Instructions to follow ▸ Write out word for word each line from the one containing "Kubanskaya ulitsa, 14, : foto" through the close of the listing, including both ends. Pictures do not belong in the copy.
==== Exercise materials ====
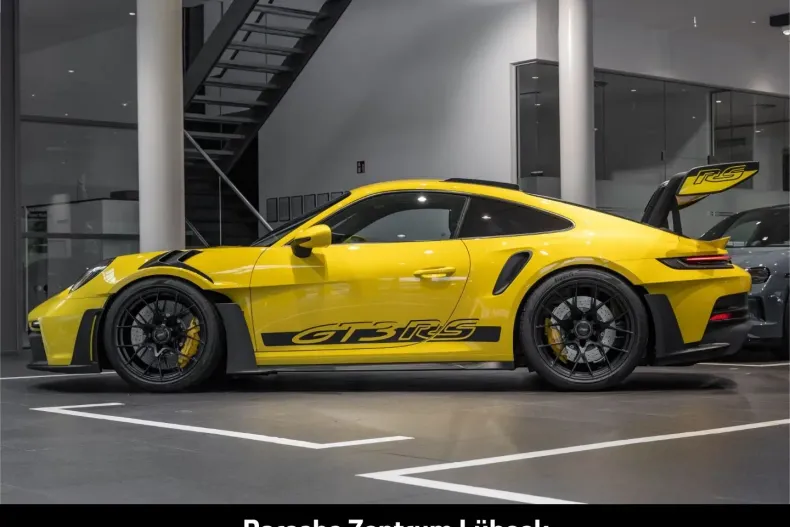 Porsche 992 din 2023 cu 2.069 km - oferta POR145950 - foto 2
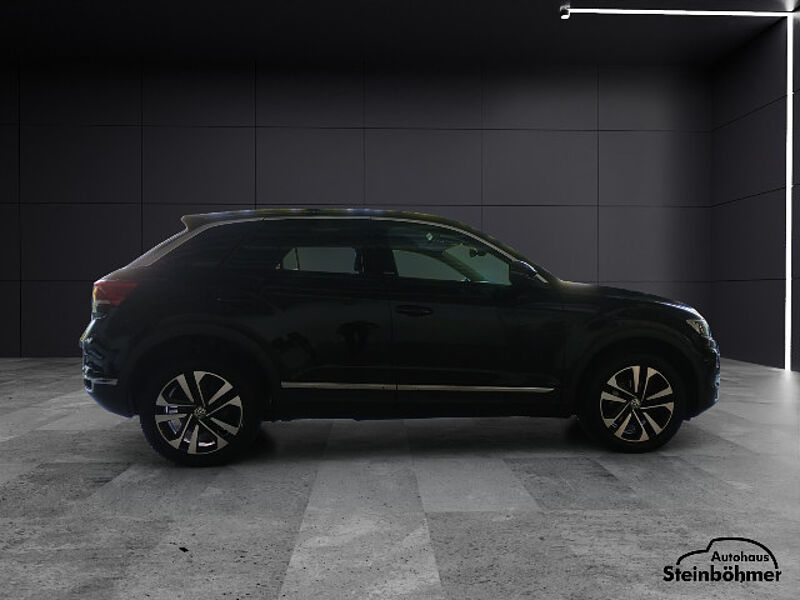 Volkswagen T-Roc 1.0TSI IQ. DRIVE Navi ACC Blind Spot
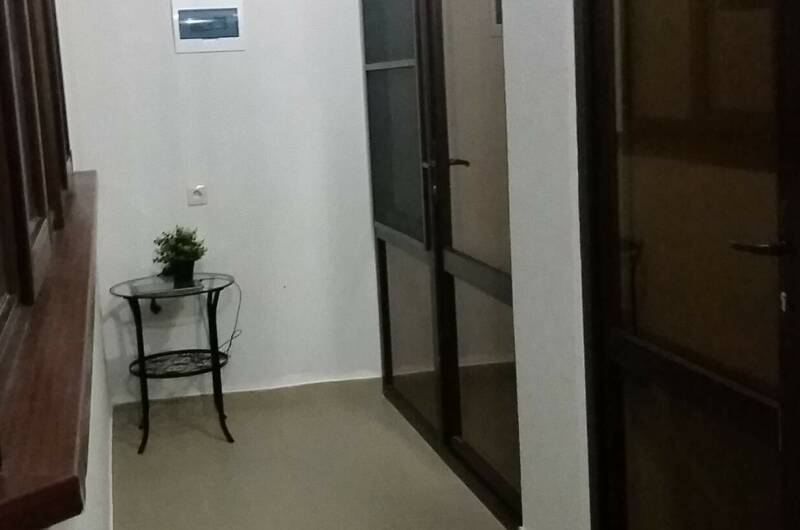 Уютный дом на Зеленой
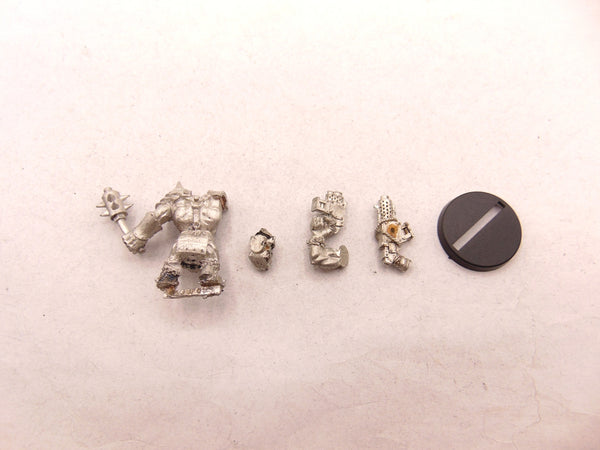 Gorkamorka Nob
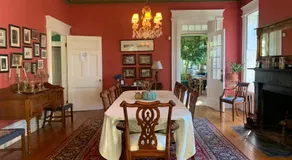 Delano Homestead Bed and Breakfast - Image 4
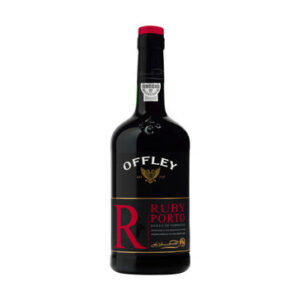 OFFLEY Ruby Port  (1 x 750ml)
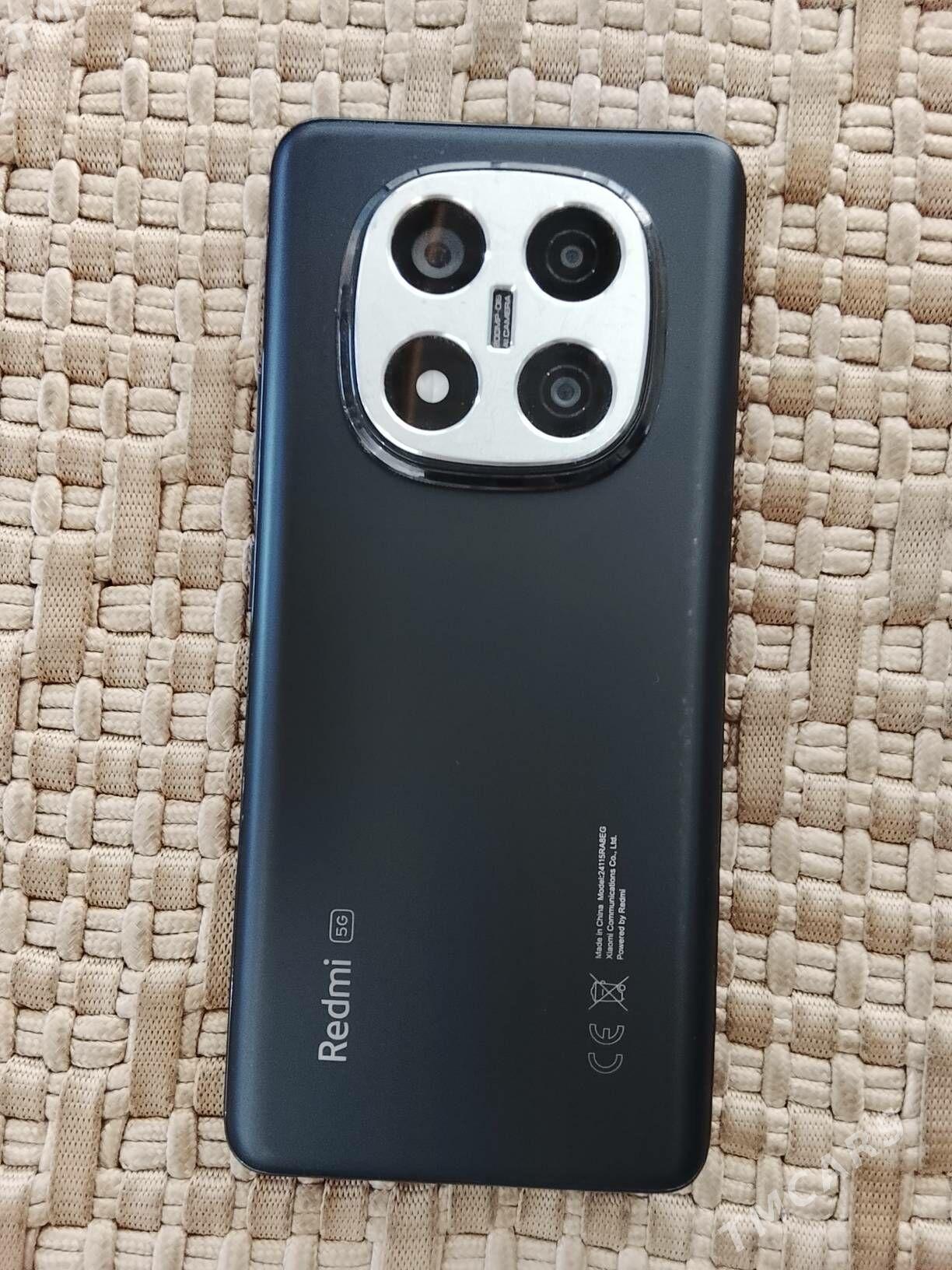 Redmi not 14 pro plus - Сейди - img 4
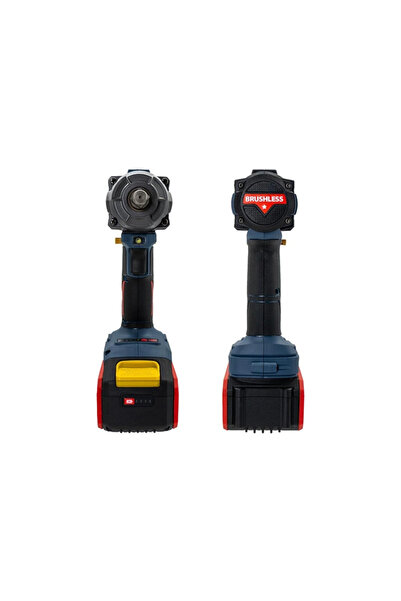 StechEnd SX35-20V 4.0AH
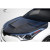 2018-2022 Toyota C-HR Circuit Hood - 1 Piece - image 2
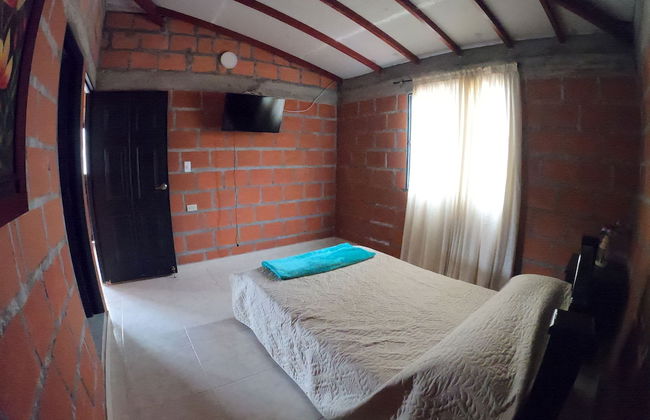 Villa Isabella Curiti - Photo 2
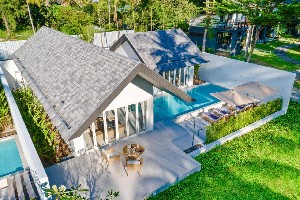 Hotel TWIN LOTUS RESORT & SPA wakacje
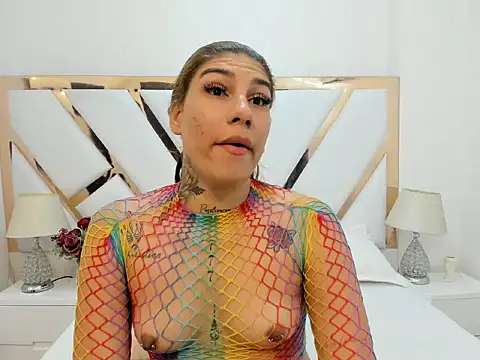 TalianaRoa's cam snapshot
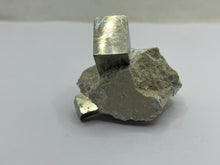 Load image into Gallery viewer, Pyrite cubes in matrix
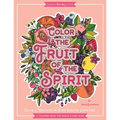 Fruit of the Spirit - Paperback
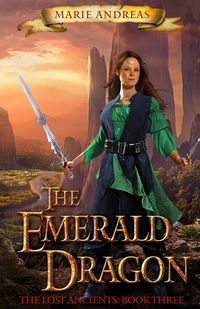 Produktbild: The Emerald Dragon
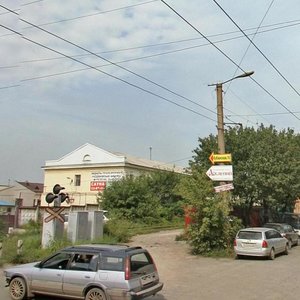 Kubanskaya ulitsa, 14, : foto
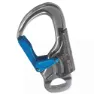 Rock Empire C24 Karabinerhaken, Silver, One Size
====
Output of the exercise ▸
 Kubanskaya ulitsa, 14, : foto
 Rock Empire C24 Karabinerhaken, Silver, One Size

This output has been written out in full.